China’s Zuhrong rover may have discovered evidence that water may have flowed much more recently across dry regions of Mars than we thought.
Through evidence in the form of cracks and crusts in sand dunes, researchers have identified evidence of salty flowing water as recently as 400,000 to 1.4 million years ago.
While this is not the most recent evidence of liquid water on Mars (it’s been found at the poles in the present day) it is the most recent evidence in an area much more conducive to life.
When the first humans walked the Earth, there might have been liquid water on the surface of Mars. The water that was believed to have dried up billions of years ago could have actually trickled through certain areas of the red planet between a few hundred thousand to just over a million years ago.
This is not the most recent evidence of liquid water on the planet. Some studies have suggested that there is liquid water underground near the southern pole today. Other findings have suggested the current presence of intermittent liquid water on the surface—though those findings have been called into question, as there are other potential, non-water explanations for those features. And either way, we’re not talking about drinking water. The water on Mars is packed full of salts called perchlorates that allow it to remain liquid at very low temperatures.
Nonetheless, this discovery is still significant—and exciting. The keyword here is "surface." If this new information is accurate, it would be the first evidence, without alternative explanations, that liquid water was not restricted to the poles in the relatively recent past. Instead, it would suggest that liquid water was more widespread across the planet and reached lower latitudes than previously expected.
This potential breakthrough comes from a research paper utilizing data from China's Zhurong rover. Although Zhurong has been dormant since May 2022, it can still transmit information to Earth. The rover's data revealed that liquid water might have existed in the sand dunes of a region known as the Utopia Planitia Plain, situated in the northern half of Mars. The research team identified features such as cracks, ridges, and a crust, which they believe were formed by the evaporation of highly saline water. They ruled out other potential causes such as wind and carbon dioxide frost.
“According to the measured meteorological data by Zhurong and other Mars rovers, we inferred that these dune surface characteristics were related to the involvement of liquid saline water formed by the subsequent melting of frost/snow falling on the salt-containing dune surfaces when cooling occurs,” Qin Xiaoguang, a researcher from the Institute of Geology and Geophysics (IGG) of the Chinese Academy of Sciences (CAS) and head of the study, said in a press release.

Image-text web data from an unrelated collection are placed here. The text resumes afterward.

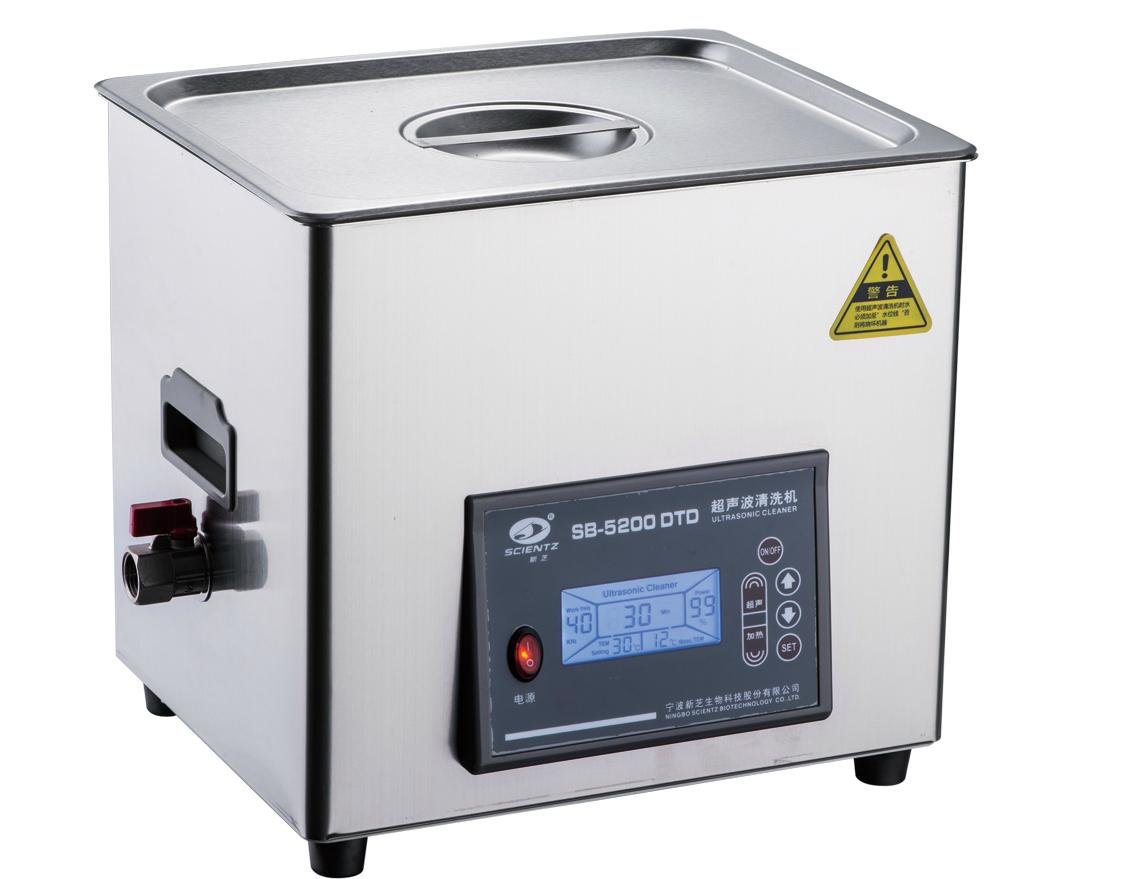 CE certified 10L stainless steel power heated professional ultrasonic cleaner 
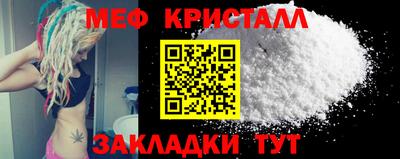 скорость mdpv Малгобек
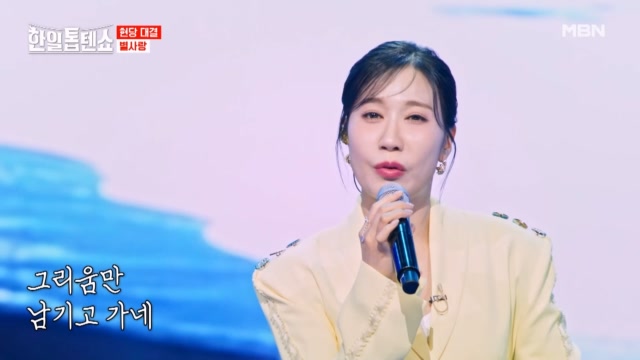별사랑이 내 마음속으로 밀려 왔네★ 별사랑 ♬ 산다는 것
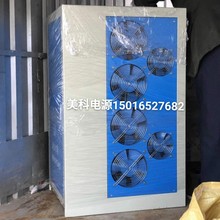 120KW直流加热电源2000A60V工业电解电源大功率IGBT电源厂家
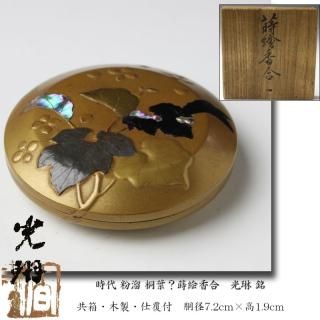 木製香合・竹製香合・塗物香合 -茶道具- 【古美術・茶道具 改野 木製香合・竹製香合・塗物香合 -茶道具- 【古美術・茶道具 改野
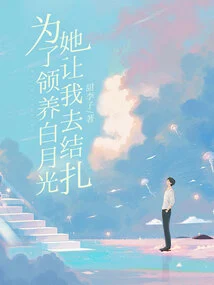 In Order to Adopt Bai Yueguang, She Asked Me to Undergo a Sterilization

However, it's worth noting that these dunes are only estimated to be between 400,000 and 1.4 million years old. Therefore, if liquid water indeed formed these features, it must have existed in the region during that time frame. This suggests that liquid water flowed across the Martian surface more recently than previously believed, as the Utopia Planitia Plain was previously thought to be able to sustain only solid or gaseous water.
“This is important for understanding the evolutionary history of the Martian climate, looking for a habitable environment, and providing key clues for the future search for life,” Xiaoguang said in a news release.
As the search for life on Mars continues and preparations for human missions progress, understanding the presence of water remains crucial. If water was indeed found at lower latitudes as indicated by this study, it has implications for identifying potential habitats where life could have thrived. Areas closer to the equator would have been more favorable in terms of temperature than polar regions.
Hopefully, in the future, more observations will follow to confirm this finding. But at the moment, it’s exciting to think about the possibility that the existence of humans on Earth and flowing water in various regions of Mars may have overlapped. Maybe someday, through impressive feats of terraforming, they will again.